Satu lagi perusahaan transportasi online yang saat ini sudah menguasai ride-sharing dan telah mengakuisisi UBER, sebut saja dia Grab. Grab yang bermarkas di Singapura ini lahir pada tahun 2012 yang didirikan oleh Anthony Tan. Kamu sudah banyak tahu layanan apa saja yang diberikan Grab, dari transporasi online hingga e-payment. Tidak heran kalau nilai valuasinya mencapai US$ 16 miliar atau setara dengan Rp 224 triliun (kurs Rp 14.000) pada 2019 ini. Grab merupakan perusahaan berbagi transportasi terbesar yang sudah masuk di Asia Tenggara seperti Singapura, Malaysia, Filipina, Vietnam, Myanmar dan kamboja.

  • GOJEK

Siapa tidak kenal startup karya anak Indonesia,yups Go-Jek. Startup yang didirikan oleh Nadiem Makarim ini, berdasarkan data yang dirangkum oleh Pitchbook, Go-Jek termasuk perusahaan yang memiliki penilaian tertinggi terkait dukungan oleh Venture Capital (VC). Setidaknya ada 30 perusahaan, termasuk Go-Jek, yang masuk dalam perusahaan berharga di dunia. Mengutip situs TechCrunch, Jumat, 25 Januari 2019 nilai valuasi Gojek akan naik menjadi US$9,5 miliar atau Rp132 triliun. Keberhasilan Go-Jek mencapai nilai valuasi tersebut membuat banyak investor mendekat, contohnya Google, Tencent, JD.com dan masih banyak lagi yang sudah bergabung bersama Go-Jek. Go-Jek tidak hanya melebarkan sayapnya di Indonesia, Go-Jek sudah melakukan ekspansi ke beberapa negara Asia Tenggara, seperti Bangkok, Vietnam, Filipina dan Singapura.

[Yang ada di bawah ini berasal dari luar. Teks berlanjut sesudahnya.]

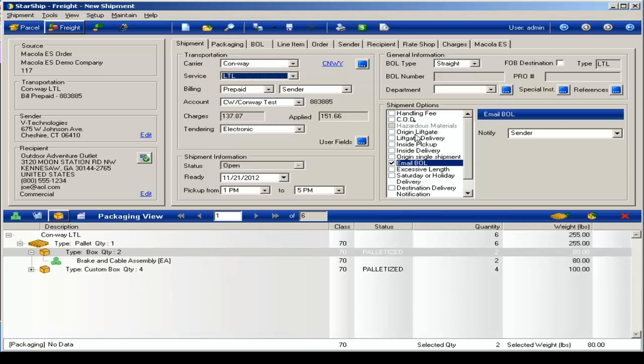You can also choose from any of the special services listed here, including the ability to email yourself or the recipient of the bill of lading.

Itulah beberapa startup yang memiliki nilai valuasi terbesar dan berharga didunia. Dari beberapa perusahaan tersebut bisa kita ambil kesimpulan bahwa mereka rata-rata tidak memiliki aset fisik seperti kendaraan untuk transportasi online, bangunan penginapan ataupun hal yang harus dimiliki oleh perusahaan konvensional. Perusahaan tersebut memanfaatkan sharing economic dimana perusahaan memaksimalkan aplikasi untuk mempermudah aktivitas konsumen.